Original Directors and Officers, three (3) in number, are designated by the Developer. These Directors and Officers are to serve until their resignation, or the developer relinquishes control to the resident members of Fairway Springs Homeowners Association, and the successors to these Directors and Officers are elected and have qualified as set forth in the Articles of Incorporation and Bylaws of Fairway Springs Homeowners Association, Inc.

Implementation

3/14/84
Number of Directors is increased to five (5).

7/1/85
The Developer having relinquished control of the Association, the number of Directors is increased to nine (9), and they are elected for terms of office: to wit, three for a one-year term; three for a two-year term; and three for a three-year term. None of these Directors shall be eligible to serve for more than two consecutive three-year terms.

The principle Officers of the Association shall be president, vice-president, secretary, and treasurer. They shall be elected by the by the Board of Directors, who may also may appoint an assistant secretary and an assistant treasurer. Officers shall serve a one-year term of office with the privilege of re-election.

5/30/06
the Security Officer title will be eliminated. Key Card administrator established.

1/30/07
In the event of an interim (between annual elections) vacancy, the Board of Directors shall appoint, approve, and vote on an eligible member to serve on the Board until the next election date. Appointees are given voting privileges during their interim appointment. No appointee may serve beyond the next election date unless duly appointed by the members.

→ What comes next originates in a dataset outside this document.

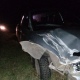 В Курской области в ДТП ранен водитель мотоблока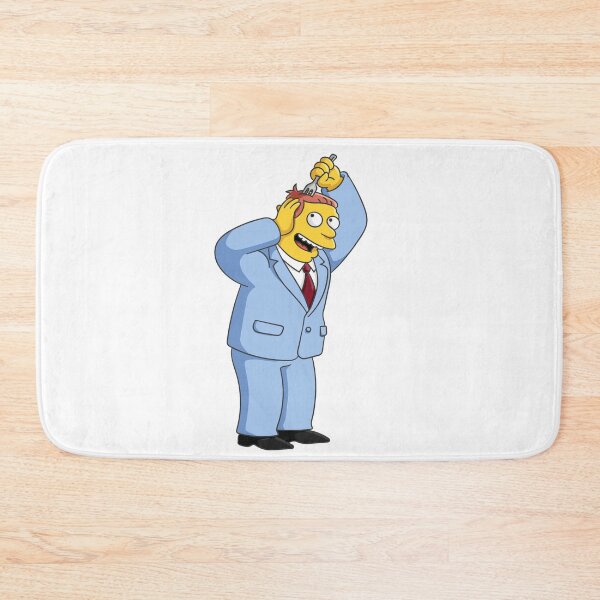Item preview, Lionel hutz designed and sold by Lache-Malk.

Term Limits: There shall be nine (9) Directors elected. Directors elected shall not serve for more than two (2) consecutive three (3) year elected terms.

06/11/09
Correction to policy statement from 1/30/07.

In agreement with the Florida Statutes, Section 617.0809, which governs all not-for-profit corporations, and addresses what an HOA should do in the event of a vacancy on the board, interim to elections, our policy shall now be:    
 
In the event of an interim vacancy on the Board of Directors (when vacancy occurs between annual elections, OR after the Election Process has begun, but prior to the end of the resignee’s 3-year term), the Board of Directors shall appoint, approve, and vote on an eligible member to serve on the Board for the remainder of the resignee’s term.  The appointed Board Member shall NOT be on the ballot for the next election unless the term of the vacant seat would have expired at that time.
 
An appointee is not required to serve in the same functional capacity as the resigning director. The Board may re-assign positions to best match directors with required functions.
 
At the end of a Board Member’s  “appointed term”, they may be placed onto an election ballot for a second 3-year term on the Board of Directors.  The completion of the appointed term counts as one 3-year term for that appointee.
 
Current officers and directors serving on the Board of Directors, as of this date, will be grandfathered in to serve according to prior policy.  

Corrections will be made as new members come onto the board so that, eventually, there will be 3 board members with 3 years remaining on their term, 3 board members with 2 years remaining, and 3 board members with 1 year remaining.  There should always be exactly 3 positions open for each election period, with all other vacancies filled as described above.